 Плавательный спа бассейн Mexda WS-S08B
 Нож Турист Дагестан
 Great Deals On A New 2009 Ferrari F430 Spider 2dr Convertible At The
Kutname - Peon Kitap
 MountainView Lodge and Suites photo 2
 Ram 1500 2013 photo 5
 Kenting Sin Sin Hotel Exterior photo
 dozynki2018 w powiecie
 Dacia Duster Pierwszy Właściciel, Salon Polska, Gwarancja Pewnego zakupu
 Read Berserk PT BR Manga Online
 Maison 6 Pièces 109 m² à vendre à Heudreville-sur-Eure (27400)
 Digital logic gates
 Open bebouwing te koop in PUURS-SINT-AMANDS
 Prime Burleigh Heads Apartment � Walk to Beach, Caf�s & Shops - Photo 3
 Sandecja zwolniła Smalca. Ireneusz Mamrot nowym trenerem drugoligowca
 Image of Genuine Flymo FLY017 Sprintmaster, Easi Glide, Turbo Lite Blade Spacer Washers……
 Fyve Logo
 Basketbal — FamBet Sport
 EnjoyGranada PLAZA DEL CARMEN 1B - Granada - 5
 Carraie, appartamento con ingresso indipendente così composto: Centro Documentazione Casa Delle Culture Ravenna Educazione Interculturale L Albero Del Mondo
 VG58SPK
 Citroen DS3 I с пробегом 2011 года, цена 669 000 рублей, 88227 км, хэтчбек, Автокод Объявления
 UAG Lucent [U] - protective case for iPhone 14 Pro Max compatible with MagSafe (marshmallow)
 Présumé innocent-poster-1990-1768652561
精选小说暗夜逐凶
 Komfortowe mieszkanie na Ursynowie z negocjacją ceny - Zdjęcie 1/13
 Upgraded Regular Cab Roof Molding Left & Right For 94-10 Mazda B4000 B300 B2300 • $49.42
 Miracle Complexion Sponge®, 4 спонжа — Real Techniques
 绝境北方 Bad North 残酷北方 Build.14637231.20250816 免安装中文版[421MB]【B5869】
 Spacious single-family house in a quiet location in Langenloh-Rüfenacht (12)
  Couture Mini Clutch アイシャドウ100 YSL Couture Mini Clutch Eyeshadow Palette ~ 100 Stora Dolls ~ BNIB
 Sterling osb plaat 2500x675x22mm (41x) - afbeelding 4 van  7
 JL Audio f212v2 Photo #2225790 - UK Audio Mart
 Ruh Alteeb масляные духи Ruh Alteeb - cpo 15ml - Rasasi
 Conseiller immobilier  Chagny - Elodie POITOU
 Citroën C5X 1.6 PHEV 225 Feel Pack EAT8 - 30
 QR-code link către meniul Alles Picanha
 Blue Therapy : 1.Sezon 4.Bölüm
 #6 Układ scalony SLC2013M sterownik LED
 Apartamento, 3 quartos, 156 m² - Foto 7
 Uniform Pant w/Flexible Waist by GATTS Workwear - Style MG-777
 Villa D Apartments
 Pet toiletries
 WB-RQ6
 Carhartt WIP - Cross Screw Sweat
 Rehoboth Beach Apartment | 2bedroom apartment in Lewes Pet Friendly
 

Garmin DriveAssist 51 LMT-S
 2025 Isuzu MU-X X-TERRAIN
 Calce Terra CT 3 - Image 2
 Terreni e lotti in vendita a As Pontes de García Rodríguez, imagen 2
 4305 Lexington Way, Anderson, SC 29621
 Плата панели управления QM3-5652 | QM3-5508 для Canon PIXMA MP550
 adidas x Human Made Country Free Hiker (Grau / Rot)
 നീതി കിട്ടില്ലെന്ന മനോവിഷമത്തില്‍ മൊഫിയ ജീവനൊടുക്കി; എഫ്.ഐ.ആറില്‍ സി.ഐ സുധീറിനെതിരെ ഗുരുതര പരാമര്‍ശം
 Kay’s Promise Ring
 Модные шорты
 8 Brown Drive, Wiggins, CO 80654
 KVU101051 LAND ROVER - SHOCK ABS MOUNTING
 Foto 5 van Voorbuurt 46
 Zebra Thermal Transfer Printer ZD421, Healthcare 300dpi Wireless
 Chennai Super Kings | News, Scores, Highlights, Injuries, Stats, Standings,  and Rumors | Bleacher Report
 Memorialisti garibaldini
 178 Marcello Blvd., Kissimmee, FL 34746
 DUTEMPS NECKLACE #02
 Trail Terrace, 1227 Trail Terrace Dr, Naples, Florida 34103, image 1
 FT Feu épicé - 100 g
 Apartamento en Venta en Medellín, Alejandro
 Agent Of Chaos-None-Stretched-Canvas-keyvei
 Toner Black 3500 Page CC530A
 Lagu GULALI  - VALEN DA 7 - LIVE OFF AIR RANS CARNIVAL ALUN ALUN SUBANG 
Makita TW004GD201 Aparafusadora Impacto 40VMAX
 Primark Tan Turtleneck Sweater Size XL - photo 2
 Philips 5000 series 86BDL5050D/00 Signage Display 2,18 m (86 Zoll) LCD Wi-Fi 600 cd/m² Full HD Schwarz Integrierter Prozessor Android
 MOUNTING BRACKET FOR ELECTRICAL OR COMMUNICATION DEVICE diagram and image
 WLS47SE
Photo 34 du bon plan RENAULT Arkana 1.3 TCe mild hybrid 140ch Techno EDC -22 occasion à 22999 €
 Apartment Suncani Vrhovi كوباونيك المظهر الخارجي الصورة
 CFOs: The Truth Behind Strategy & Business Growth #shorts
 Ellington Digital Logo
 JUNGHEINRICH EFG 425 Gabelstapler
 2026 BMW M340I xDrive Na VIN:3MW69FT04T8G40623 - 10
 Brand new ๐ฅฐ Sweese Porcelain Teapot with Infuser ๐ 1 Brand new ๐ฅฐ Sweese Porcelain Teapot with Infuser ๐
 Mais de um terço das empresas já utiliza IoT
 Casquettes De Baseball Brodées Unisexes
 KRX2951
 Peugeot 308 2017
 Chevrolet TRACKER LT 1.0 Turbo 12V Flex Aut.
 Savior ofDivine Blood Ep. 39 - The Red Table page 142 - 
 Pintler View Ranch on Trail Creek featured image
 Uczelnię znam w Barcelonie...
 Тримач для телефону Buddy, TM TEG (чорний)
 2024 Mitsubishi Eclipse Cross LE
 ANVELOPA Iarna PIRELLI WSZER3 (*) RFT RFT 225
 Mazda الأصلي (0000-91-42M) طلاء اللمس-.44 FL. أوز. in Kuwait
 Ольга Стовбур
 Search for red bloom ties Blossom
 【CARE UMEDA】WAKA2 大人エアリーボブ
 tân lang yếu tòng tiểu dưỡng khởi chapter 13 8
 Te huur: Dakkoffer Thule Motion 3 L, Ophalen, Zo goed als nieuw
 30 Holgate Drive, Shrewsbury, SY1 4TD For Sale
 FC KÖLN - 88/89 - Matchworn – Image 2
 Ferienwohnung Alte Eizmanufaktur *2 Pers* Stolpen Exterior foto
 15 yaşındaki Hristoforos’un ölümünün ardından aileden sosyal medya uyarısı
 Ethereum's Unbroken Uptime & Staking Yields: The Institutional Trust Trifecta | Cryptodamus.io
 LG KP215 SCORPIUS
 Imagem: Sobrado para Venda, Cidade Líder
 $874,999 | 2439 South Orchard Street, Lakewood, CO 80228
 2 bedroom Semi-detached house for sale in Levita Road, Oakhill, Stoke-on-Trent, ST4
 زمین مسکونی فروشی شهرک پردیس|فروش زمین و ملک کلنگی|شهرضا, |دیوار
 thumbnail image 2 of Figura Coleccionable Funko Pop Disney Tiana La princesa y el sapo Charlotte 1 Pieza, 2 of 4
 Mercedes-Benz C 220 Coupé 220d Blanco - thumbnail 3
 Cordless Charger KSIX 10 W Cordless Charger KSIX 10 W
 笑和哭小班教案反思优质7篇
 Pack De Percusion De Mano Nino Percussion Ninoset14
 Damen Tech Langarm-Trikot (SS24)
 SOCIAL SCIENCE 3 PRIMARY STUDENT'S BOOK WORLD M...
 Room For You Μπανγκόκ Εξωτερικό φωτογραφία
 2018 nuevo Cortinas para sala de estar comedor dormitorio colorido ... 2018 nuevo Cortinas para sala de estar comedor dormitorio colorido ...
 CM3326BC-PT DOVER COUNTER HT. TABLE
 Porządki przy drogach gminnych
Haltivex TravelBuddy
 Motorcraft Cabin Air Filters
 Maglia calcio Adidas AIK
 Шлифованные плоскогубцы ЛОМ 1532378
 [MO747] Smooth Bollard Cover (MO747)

○ ○ ○ ○ ○

(Brief)
Each line above that contains the string "thumbnail" should be identified and copied.

(Answer area)
 thumbnail image 2 of Figura Coleccionable Funko Pop Disney Tiana La princesa y el sapo Charlotte 1 Pieza, 2 of 4
 Mercedes-Benz C 220 Coupé 220d Blanco - thumbnail 3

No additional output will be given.